EXERCISE AIM:
Print out the entries from the line containing "The Sony Xperia" through the last line, exactly, and print nothing else. Pictures are not copied.

GIVEN RECORDS:
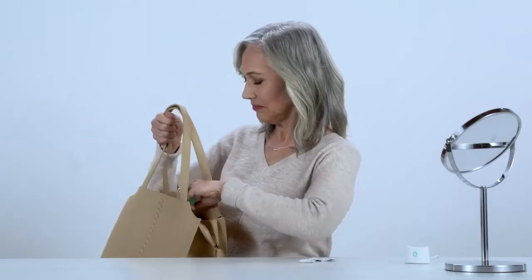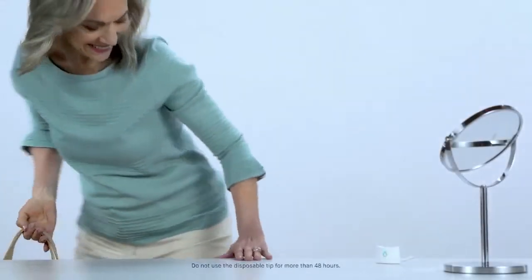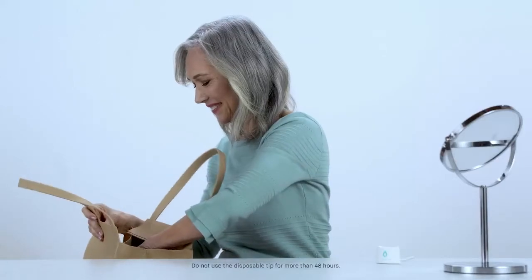Use TrueTear at least twice a day as needed. The tip should be replaced every 48 hours. Failure to replace the disposable tip will cause the hydrogel to dry out, and the TrueTear device will not work properly.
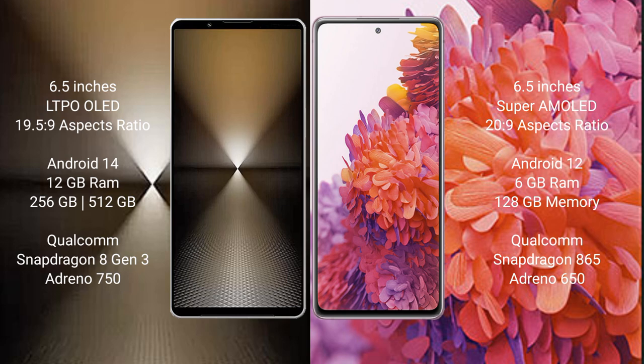The Sony Xperia 1 Mark 6 runs on the Android 14 operating system. The Samsung Galaxy S20 FE runs on the Android 12 operating system.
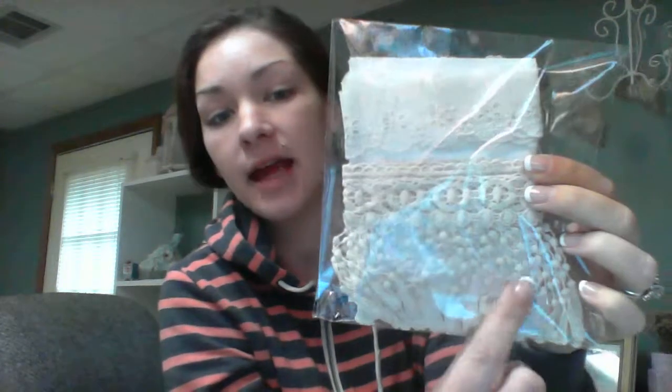I'm not even going to take them out, but this is just a regular eyelet lace here, and this is a dangle lace here. It's absolutely gorgeous. These are the beige ones.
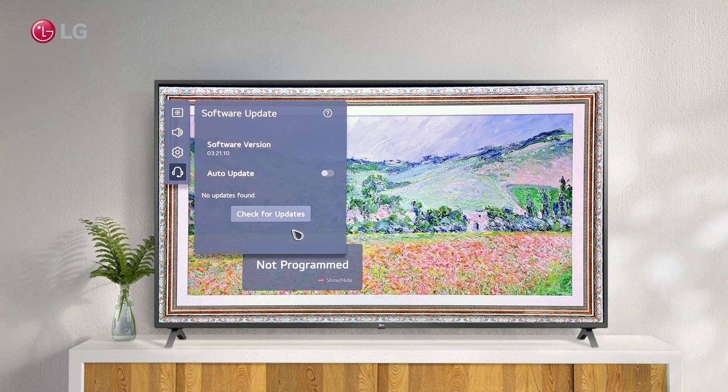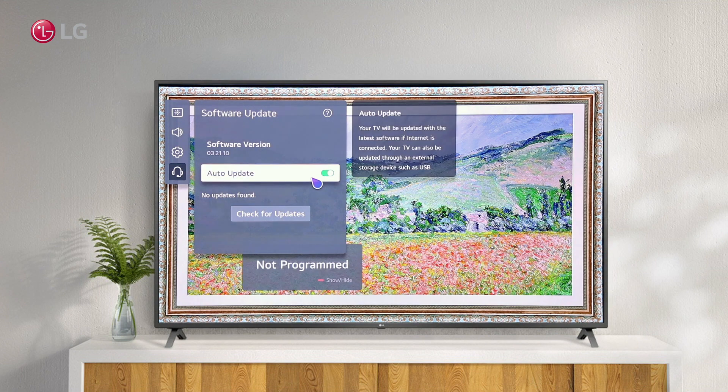If a latest version is available, it will show the latest software version and you can easily update it with a click. When auto update is activated, your TV will be updated with the available latest version automatically via internet connection.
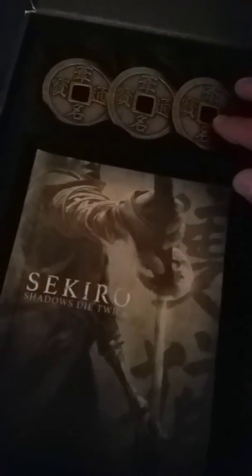Oh dude, I don't know if I want to throw these. Now these coins look amazing. I don't know if I want to open these coins or anything — I want to keep everything besides the game. But I wanted to show you guys. My room's a mess, it's a mess.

SOLUTION TO THIS TASK:
The Sony Xperia 1 Mark 6 runs on the Android 14 operating system. The Samsung Galaxy S20 FE runs on the Android 12 operating system.
I'm not even going to take them out, but this is just a regular eyelet lace here, and this is a dangle lace here. It's absolutely gorgeous. These are the beige ones.
If a latest version is available, it will show the latest software version and you can easily update it with a click. When auto update is activated, your TV will be updated with the available latest version automatically via internet connection.
Oh dude, I don't know if I want to throw these. Now these coins look amazing. I don't know if I want to open these coins or anything — I want to keep everything besides the game. But I wanted to show you guys. My room's a mess, it's a mess.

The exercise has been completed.